Melihat berbagai tantangan advokasi yang dihadapi, WALHI mencatat beberapa poin terhadap sikapnya. Di antaranya putusan MK No. 91 tahun 2021 tidak boleh ada aturan turunan dibawah UU Cipta Kerja dan tidak boleh ada pembangunan PSN dalam dua tahun ini.

Kedua yakni WALHI telah membuat maklumat dan membuat daftar Proyek Strategis Nasional (PSN) yang berdampak luas terhadap degradasi lingkungan. Terakhir adalah perlunya penguatan di kampung-kampung atau desa-desa yang akan terdampak PSN, terutama mengenai hak masyarakat yang dijamin oleh konstitusi.

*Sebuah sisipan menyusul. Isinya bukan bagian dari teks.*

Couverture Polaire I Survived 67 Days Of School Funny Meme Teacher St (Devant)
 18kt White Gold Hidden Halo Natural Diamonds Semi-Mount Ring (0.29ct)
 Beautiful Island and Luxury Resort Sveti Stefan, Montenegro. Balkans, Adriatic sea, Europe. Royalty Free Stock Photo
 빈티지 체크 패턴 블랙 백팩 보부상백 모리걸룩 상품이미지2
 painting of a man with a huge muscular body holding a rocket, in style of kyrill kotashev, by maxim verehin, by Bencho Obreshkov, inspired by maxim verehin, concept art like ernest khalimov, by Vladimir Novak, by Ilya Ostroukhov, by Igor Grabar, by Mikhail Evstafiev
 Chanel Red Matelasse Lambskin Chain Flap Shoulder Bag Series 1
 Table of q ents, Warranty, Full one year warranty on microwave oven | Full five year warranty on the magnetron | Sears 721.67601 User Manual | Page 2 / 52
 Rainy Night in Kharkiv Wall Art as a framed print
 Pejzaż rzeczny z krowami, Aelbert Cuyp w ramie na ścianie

Webinar ini dilakukan secara daring di Ternate dan luring melalui zoom. Webinar yang dilakukan juga sebagai bagian dari kegiatan Pertemuan Daerah Lingkungan Hidup (PDLH) V WALHI Maluku Utara.

 

Narahubung:

Ahmad Rusydi Rasjid - Direktur Eksekutif Daerah WALHI Maluku Utara (082112932110)
Parid Ridwanuddin - Manajer Kampanye Pesisir dan Laut WALHI (081237454623)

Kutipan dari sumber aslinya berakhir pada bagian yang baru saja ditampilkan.